The seven-day incidence in Germany is currently falling significantly – on Easter Sunday the Robert Koch Institute (RKI) reported a value of 834.3. A week ago, the incidence was 1097.9. Even if the current data is not really meaningful because of the holidays, experts assume that the number of infections is actually falling. “Our models are currently showing a similar decline as the reporting incidences,” said modelers led by Kai Nagel from the TU Berlin. “This suggests that this is not an artifact of a changed testing strategy, but a real decline.”
The epidemiologist Hajo Zeeb also assumes that the infection rate is decreasing: “We are dealing with epidemic waves, and this omicron wave has passed its peak, to which the seasonal trend is also gradually contributing.” A comparison with courses in other countries confirms this, says the expert from the Leibniz Institute for Prevention Research and Epidemiology in Bremen, as the dpa news agency writes.

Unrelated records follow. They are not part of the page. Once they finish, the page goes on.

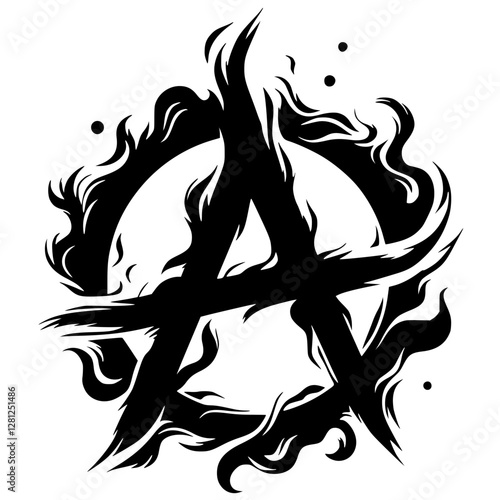 Fire anarchy symbol silhouette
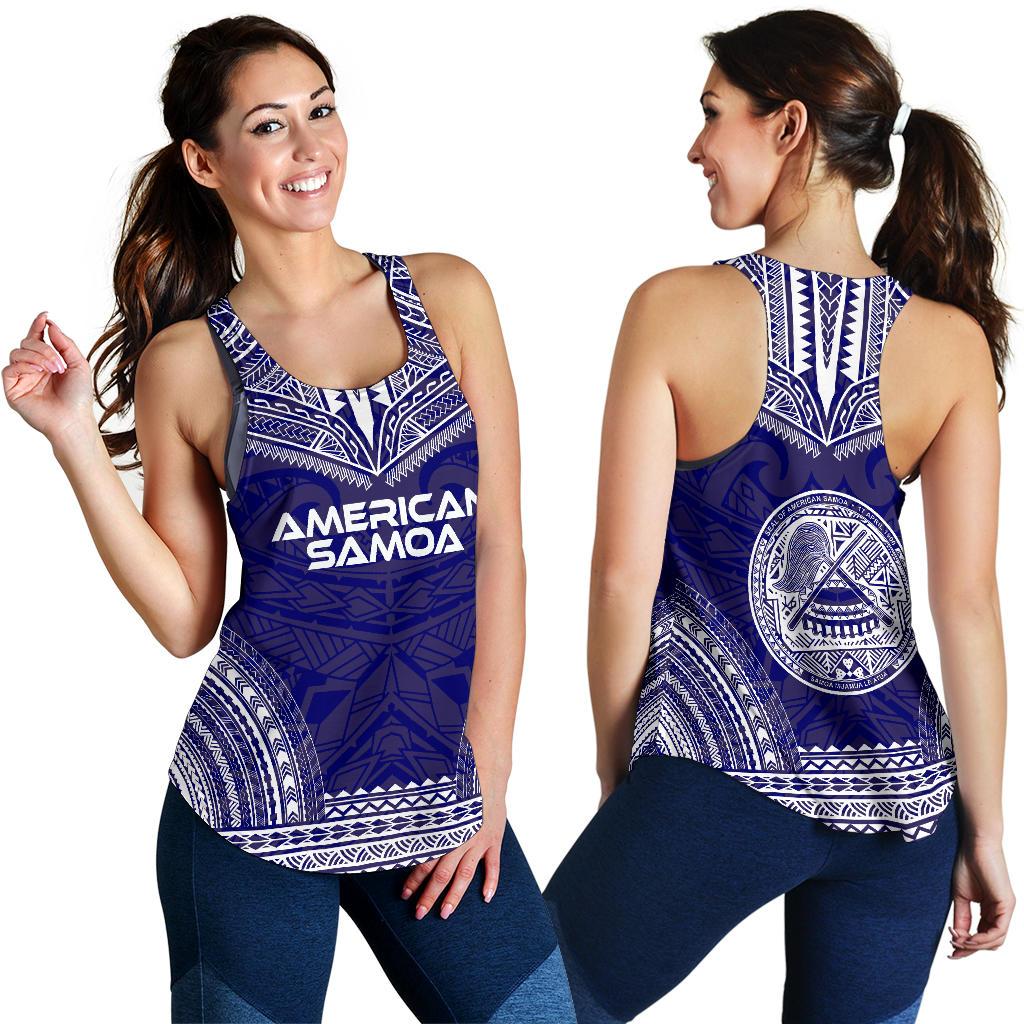 American Samoa Women's Racerback Tank - Polynesian Chief Flag Version - Polynesian Pride
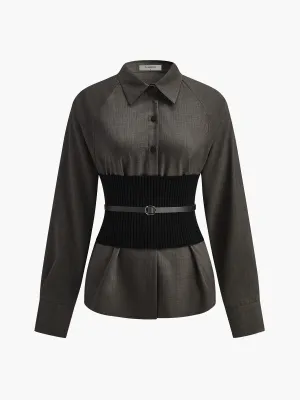 Belted Cinched Waist Polo Shirt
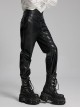 Simple Black Shiny Imitation Leather Front Center Three Dimensional Print With Rivet Embellishment Punk Style Oblique Pocket Trousers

Federal Minister of Health Karl Lauterbach (SPD) is nevertheless concerned about next autumn and winter. He warns of a possible “killer variant” of the corona virus later this year. “Various omicron subvariants are currently developing, which I am concerned about,” said the politician the “picture on sunday”. Lauterbach continues: It is “quite possible that we will get a highly contagious omicron variant that is as deadly as Delta”.
He was immediately criticized for this statement. The virologist Jonas Schmidt-Chanasit from the University of Hamburg reacted on Twitter on Sunday: “What are these killer variants?”

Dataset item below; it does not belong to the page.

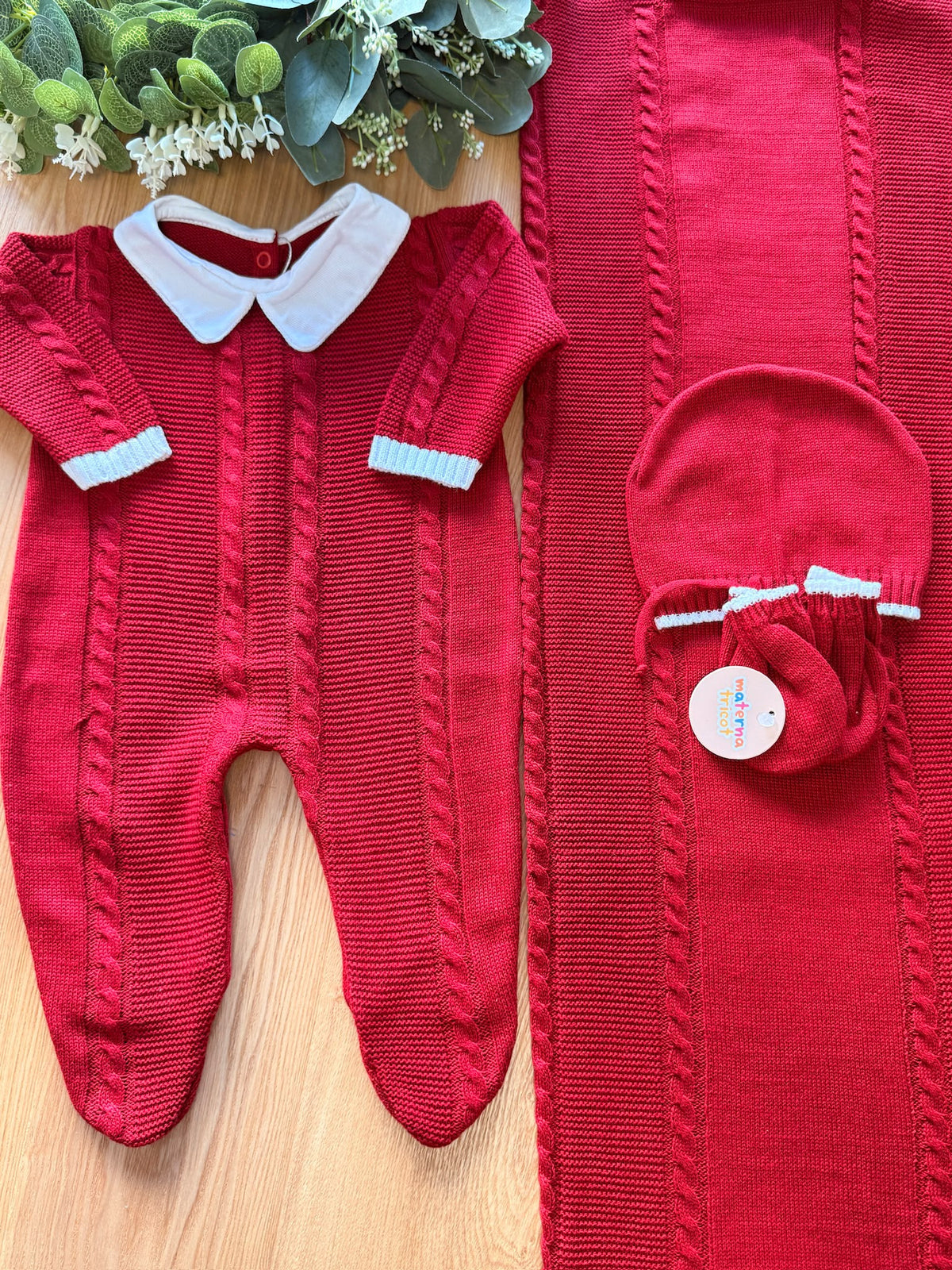 Saída Maternidade Tricot Trança e Links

He said to the “Bild”: “The appearance of a ‘killer variant’ in the fall – whatever that may be – is a very unlikely scenario according to the World Health Organization WHO.”
Omicron is an immune escape variant of the corona virus that tries to circumvent human immune protection. However, one has seen “that the vaccination offered good protection against serious illness and death”, the newspaper quoted him on Monday.

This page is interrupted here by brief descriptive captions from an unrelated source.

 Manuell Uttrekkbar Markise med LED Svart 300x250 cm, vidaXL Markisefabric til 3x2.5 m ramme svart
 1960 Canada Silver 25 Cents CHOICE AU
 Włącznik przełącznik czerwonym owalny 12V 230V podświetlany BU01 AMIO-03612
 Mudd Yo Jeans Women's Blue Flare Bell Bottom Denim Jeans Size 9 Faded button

The Bonn virologist Hendrik Streeck also criticized the choice of words by the Minister of Health. He told the paper that the development of variants is as unpredictable as it is influencing: “So instead of warning about scenarios like ‘killer variants’, it would be important to prepare for autumn and winter.”
As a rule, however, a virus does not become more dangerous. “If you humanize the virus for illustration, then it wants to be transmitted more easily, evade immune responses, and at the same time not lose its own fitness. Disease-causing properties are not one of them,” explained Streek.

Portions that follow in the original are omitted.